With the pandemic easing, consumers and cold food processing providers have settled into a new normal. “New” applies to just about everything – what consumers are choosing to eat, how it’s being purchased and how it’s being distributed. Builders in the cold food processing space are meeting growing demands and there are no signs of it slowing down. According to MarketsandMarkets, the cold chain is expected to be valued at $10.2 billion by 2026. That’s up from $4.7 billion in 2021. Further, CRBE predicts the need for cold storage space to increase by 100 million square feet in the same time period.
Healthier Frozen Foods
Many consumers are shifting to a healthier lifestyle post-pandemic. A recent study by the American Frozen Food Institute (AFFI) indicates that many consumers are seeking a wider selection of frozen foods made with fewer, and more premium, ingredients, particularly with dairy and pet food clients. The AFFI study showed more than half of shoppers are purchasing more frozen foods, 58% are purchasing different kinds of frozen foods and 57% are purchasing different brands than they did pre-pandemic. This shift is a driver for the increase in cold storage demand and is expected to maintain pace through 2022.
Another focus among cold food processors is omnichannel retail. A seamless shopping experience through all available channels (in-store, curbside pick-up, home delivery, etc.) has shifted consumer expectations. Immediate access to goods, 24-hour responsiveness and the ability to purchase in “eaches” (individual amounts) is the norm.
The packaging and order fulfillment challenges that have resulted from this shift have pushed cold food processing providers to re-think their approach to food storage and logistics. Many are choosing to produce finished goods that can be shipped directly to retailers or even customers.
For example, some protein processing clients are adding blast freezers at their plants to eliminate the burden of transporting product off site to be frozen and packaged before reaching a distribution center. Onsite blast freezing makes them more agile and able to respond to the changing environment. In addition, many protein processers are improving value-added services be installing variable retention freezers (VRTs). The VRT improves case quality and allows for case selection at the plant.
If you ask any cold food processing provider what their No.1 challenge is, their answer is almost always workforce retention. Labor has been a burning issue for over a decade: add to it the Great Resignation and you have an industry in need of a new approach.
Automation is key. In the past, owners justified automation costs against existing labor. Now, with a diminishing labor pool, owners view automation as an essential element to sustaining the supply chain.
Automation trends that have been to be successful for cold food processing providers tackling the labor shortage include:
- Automated Storage & Retrieval Systems: Automatically retrieve stored products.
- Automated Guided Vehicles (AGVs): Driverless vehicles to move product through a plant.
- Palletizers & De-Palletizers: Stack or remove cases on pallets.
- Automated Packaging, Labeling & Wrapping: The last step in preparing finished goods for direct shipment to retailers or consumers.
These solutions move product efficiently and safely through the plant and allow for a more flexible, coordinated and trackable product flow.
Warehouse Management Systems (WMS)
A WMS is software used to manage warehouse operations.
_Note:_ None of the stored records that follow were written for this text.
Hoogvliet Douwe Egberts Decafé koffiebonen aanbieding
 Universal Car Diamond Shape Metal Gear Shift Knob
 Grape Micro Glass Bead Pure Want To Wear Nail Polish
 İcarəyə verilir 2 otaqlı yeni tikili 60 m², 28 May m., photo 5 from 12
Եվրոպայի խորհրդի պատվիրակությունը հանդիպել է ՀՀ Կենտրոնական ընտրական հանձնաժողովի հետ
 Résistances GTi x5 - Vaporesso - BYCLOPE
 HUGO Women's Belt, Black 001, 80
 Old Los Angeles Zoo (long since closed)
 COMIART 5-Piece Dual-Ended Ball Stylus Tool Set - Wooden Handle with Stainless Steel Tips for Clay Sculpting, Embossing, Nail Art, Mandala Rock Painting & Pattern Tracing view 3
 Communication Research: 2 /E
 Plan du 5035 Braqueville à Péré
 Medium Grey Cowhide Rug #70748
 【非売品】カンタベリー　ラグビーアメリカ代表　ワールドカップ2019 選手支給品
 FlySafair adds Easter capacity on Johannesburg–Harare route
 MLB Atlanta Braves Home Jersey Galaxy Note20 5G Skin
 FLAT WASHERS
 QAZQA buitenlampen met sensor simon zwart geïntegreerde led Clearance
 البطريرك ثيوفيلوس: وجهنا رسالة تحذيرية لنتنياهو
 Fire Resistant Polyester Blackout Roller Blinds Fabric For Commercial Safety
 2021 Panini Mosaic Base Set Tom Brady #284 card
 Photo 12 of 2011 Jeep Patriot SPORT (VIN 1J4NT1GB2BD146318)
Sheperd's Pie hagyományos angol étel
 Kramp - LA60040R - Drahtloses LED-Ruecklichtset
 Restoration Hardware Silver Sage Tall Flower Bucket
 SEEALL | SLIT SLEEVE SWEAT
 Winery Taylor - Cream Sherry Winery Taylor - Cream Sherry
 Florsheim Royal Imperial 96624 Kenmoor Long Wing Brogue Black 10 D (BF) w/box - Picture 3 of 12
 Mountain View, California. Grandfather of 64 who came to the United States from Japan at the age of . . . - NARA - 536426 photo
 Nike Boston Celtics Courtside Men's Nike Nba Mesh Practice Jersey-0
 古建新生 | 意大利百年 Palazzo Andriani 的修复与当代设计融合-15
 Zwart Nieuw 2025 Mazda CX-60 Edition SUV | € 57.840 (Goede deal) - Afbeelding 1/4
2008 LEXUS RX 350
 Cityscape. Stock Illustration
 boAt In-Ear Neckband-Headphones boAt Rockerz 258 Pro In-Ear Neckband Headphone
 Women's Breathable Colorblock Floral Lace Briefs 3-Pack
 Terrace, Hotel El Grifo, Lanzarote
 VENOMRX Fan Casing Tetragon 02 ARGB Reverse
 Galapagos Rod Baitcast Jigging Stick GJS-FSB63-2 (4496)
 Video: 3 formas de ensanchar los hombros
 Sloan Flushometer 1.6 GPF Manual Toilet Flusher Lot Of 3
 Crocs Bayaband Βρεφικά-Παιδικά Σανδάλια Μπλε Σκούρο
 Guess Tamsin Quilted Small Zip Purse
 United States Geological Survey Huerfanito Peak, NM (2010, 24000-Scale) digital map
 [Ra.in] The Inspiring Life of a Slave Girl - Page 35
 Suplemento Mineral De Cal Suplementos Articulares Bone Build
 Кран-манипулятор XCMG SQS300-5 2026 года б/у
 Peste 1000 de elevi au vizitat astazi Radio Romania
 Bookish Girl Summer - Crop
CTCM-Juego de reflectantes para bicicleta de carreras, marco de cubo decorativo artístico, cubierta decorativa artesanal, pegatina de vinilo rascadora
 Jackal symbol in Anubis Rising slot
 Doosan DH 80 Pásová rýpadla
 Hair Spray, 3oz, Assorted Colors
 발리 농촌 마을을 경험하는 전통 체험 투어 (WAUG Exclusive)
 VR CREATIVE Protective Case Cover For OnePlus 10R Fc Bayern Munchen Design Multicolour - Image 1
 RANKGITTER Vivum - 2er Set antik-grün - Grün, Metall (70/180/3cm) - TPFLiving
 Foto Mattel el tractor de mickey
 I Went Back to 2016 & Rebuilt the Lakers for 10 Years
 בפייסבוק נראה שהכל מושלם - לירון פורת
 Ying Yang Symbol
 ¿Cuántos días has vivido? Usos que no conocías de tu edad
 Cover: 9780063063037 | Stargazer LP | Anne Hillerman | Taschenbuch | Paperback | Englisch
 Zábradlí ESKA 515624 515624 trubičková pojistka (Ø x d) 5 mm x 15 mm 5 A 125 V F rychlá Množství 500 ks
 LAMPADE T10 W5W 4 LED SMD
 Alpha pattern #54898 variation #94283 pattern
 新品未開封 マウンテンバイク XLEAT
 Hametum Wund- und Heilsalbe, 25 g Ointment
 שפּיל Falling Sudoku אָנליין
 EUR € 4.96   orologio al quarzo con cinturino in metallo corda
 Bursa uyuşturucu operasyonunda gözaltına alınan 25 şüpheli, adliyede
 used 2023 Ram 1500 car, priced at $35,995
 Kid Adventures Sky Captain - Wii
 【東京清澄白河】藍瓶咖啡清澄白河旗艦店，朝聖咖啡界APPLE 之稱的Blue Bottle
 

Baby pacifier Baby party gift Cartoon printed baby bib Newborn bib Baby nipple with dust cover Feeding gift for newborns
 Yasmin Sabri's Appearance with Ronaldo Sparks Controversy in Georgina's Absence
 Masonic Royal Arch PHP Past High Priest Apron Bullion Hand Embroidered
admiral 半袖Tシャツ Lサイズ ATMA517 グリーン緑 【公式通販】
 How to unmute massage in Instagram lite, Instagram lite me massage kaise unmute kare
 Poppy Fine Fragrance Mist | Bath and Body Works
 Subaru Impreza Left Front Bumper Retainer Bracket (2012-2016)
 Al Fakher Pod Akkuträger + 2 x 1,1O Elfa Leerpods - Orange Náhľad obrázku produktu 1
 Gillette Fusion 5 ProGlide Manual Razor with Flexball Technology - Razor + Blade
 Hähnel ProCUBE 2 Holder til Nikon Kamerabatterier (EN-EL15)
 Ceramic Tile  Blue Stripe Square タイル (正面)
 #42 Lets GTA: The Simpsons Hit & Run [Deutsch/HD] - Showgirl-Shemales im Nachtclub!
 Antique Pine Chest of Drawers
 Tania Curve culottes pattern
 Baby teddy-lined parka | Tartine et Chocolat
While this technology has been around for years, new adaptions include the ability to connect with onsite automation equipment and implement algorithms that automate functions and gather data.
Implementing WMS software is an expensive and long-term commitment but many firms have in-house experts providing consulting services to minimize challenges like under-utilizing features, missing or duplicating essential steps, or not understanding how software can connect. The goal is to help customers have a clear view into their operations and make informed decisions about production, which is crucial for optimization. Additional benefits include better inventory management, reduced human error, cost and space efficiencies and faster order fulfillment.
Digital Supply Chain
The Internet of Things (IoT) is rapidly changing supply chain management. Cold food processing providers have access to more data from more devices and software than ever before. This information has the potential to form an integrated network that gives owners a global view of inventory in real time. Augmented reality, artificial intelligence and machine learning are all on the horizon and expected to result in better decision making throughout the supply chain, from inventory and intralogistics to weather and delivery routes.
A study by Gartner, a technological research and consulting firm, found 85% of investors value environmental, social and governance criteria when making investments. This trend has pushed cold food processing providers to explore carbon neutrality as a way of engaging stakeholders. Carbon neutrality (or net zero carbon) encourages owners to change their behavior on high-emission activities. They can also offset emissions generated by their facilities by reducing them elsewhere. Carbon neutrality builds off the foundation put in place by the U.S. Green Building Council, which has been an industry standard for over a decade.
By keeping on top of these industry trends, cold food processors can overcome disruption and remain competitive in 2022 and beyond.